D’emblée elle avoue un penchant pour les anti-héros, ceux qui refusent les compromissions. « Dans mes livres, j’aime les gens qui échouent ». Karine Tuil est avant tout un écrivain qui se laisse traverser par le monde alentour, qui en catalyse les questionnements et qui prend le temps de sentir, goûter et vivre, avant de prendre la plume. « Cioran dit qu’un livre doit être dangereux, qu’il doit donner à réfléchir, explique-t-elle. Je crois aussi qu’un livre ne doit pas seulement divertir. À ce titre, un succès est une sorte de malentendu : un écrivain ne cherche pas à toucher le plus grand nombre ». Karine Tuil ne cherche pas à plaire, mais tant pis : son premier livre paru en 2000, Pour le pire, est plébiscité par les libraires français, quand son deuxième, Interdit, la quête identitaire d’un vieux juif traité sur le mode burlesque, est cité sur la liste du Prix Goncourt l’année suivante. Elle a une langue, ses lecteurs le savent, les critiques et les libraires attendent ses livres. Et c’est ainsi de ses six romans suivants : dans la veine tragi-comique qu’elle dessine si bien, avec notamment Quand j’étais drôle en 2005, ou dans une langue qui alpague le lecteur au col, celle de Douce France en 2007 qui dit la réalité du fonctionnement des centres de rétention, ou de Six mois, six jours en 2010, son dernier roman à ce jour.
Pour Karine Tuil, la littérature a commencé avec sa mère. « Elle me donnait à lire tout ce qu’elle lisait, et elle adorait la littérature. J’ai ainsi lu des textes de Bukowski ou d’Henry Miller avant l’heure.

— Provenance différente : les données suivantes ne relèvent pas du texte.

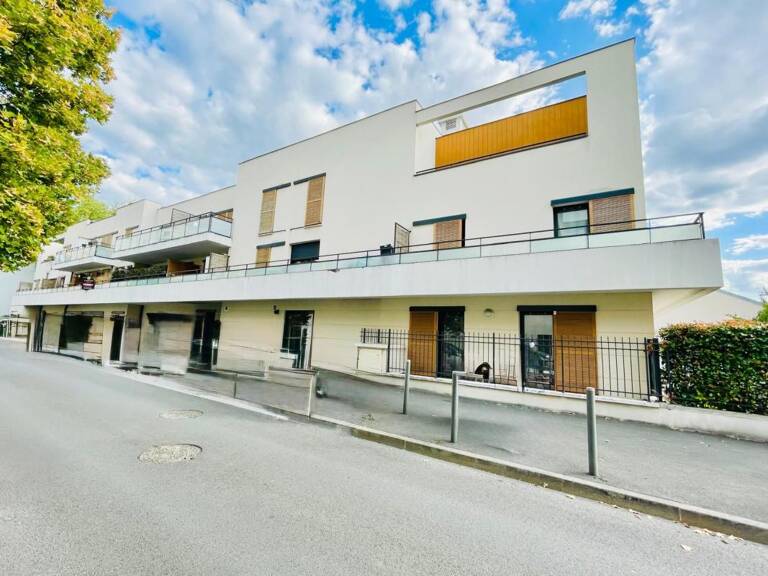 Appartement À Vendre — photo 1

La littérature était un espace de liberté totale ». Dans son panthéon littéraire se croisent Kafka, Faulkner, ou encore Philip Roth, Camus, Bataille, les figures tutélaires d’Albert Cohen et Saul Bellow qui résonnent en contrepoint de la langue puissante de Gombrowicz. Des admirations littéraires qu’elle côtoie désormais comme écrivain. « J’ai toujours voulu écrire. Je suis solitaire et j’ai choisi un métier qui correspond à ma nature. Non sans avoir au préalable étudié le droit pendant huit années pour rassurer mes parents ».
Actuellement, Karine Tuil travaille sur le manuscrit d’un livre, mais aussi sur un film, tout en s’investissant activement dans son rôle de juré du Prix Orange du livre. « J’ai tout de suite dit oui même si j’ai beaucoup de travail en ce moment. J’aime ce travail de juré parce que je lis beaucoup et que je m’intéresse au travail des écrivains ». Se réjouissant des nombreuses réunions entre jurés jusqu’aux délibérations, et de l’implication d’Erik Orsenna, le président du Prix, Karine Tuil remarque avec justesse la principale différence du Prix Orange avec les autres prix littéraires : « Nous sélectionnons les cinq challengers et c’est le public des internautes qui les départage ». Le point de vue des autres jurés l’intéresse, « car tous semblent très investis dans ce prix et c’est important pour moi : la littérature est une affaire sérieuse ».